The phylogenetic placement has already been carried out. Download the placement files from [GitHub](https://github.com/UU-Microbial-Eukaryotes/Metabarcoding_lab/). To do so, first download the GitHub repository as a zip file: i.e. *Code* (in top-right corner in green) --> *Download ZIP*. After saving, unzip the folder and navigate to *Metabarcoding_lab-master* --> *placement_files*. You will see three files with the extension *.jplace*.

Now for the fun part! We will use the interactive [Tree of Life website](https://itol.embl.de/upload.cgi) to visualize the difference between these three environments. Simply load each *.jplace* file (using the button "Choose file", selecting the file, and click "Upload"). I recommend using three tabs so you can view all files at the same time. 

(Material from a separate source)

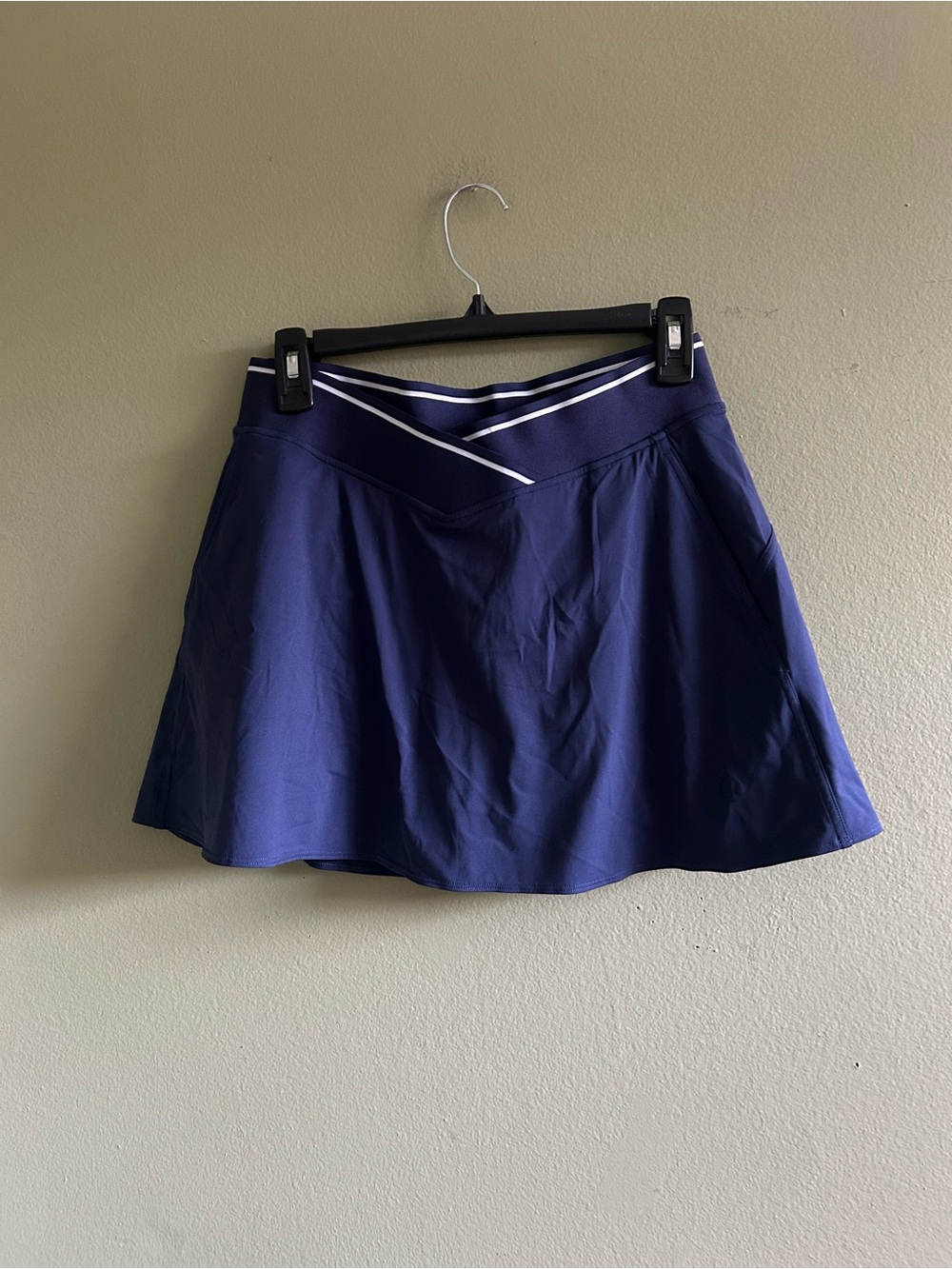 lululemon athletica Navy Golf Tennis Skort with White Stripe Waist Sz 8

You will now see a phylogenetic tree and a control panel. Select the following options in the control panel:

- *Mode options* --> *Branch lengths* --> *Ignore* (this will make it easier to view the placements)  
- *Label options* --> *Font style* --> *26 px* (or higher so you can view the tip labels)  
- *Datasets*  --> *Phylogenetic placements*  --> *On*  

You will now see bubbles on the tree branches. Each bubble represents OTU placements on a particular branch. The bigger the bubble, the more OTUs belong to that particular lineage!  


**Questions:**   
**32. What are the most dominant lineages in soils and freshwater samples?**  
**33. In which environment are fungi the most dominant?**   
**34. Which lineages are dominant in the oceans, but absent in freshwater and soils?**  
**35. Are there lineages present in freshwater/soils but absent in oceans? Which ones?** 
**36. List any other observations you find interesting!**  


## Fin

Discuss your answers with your TA :)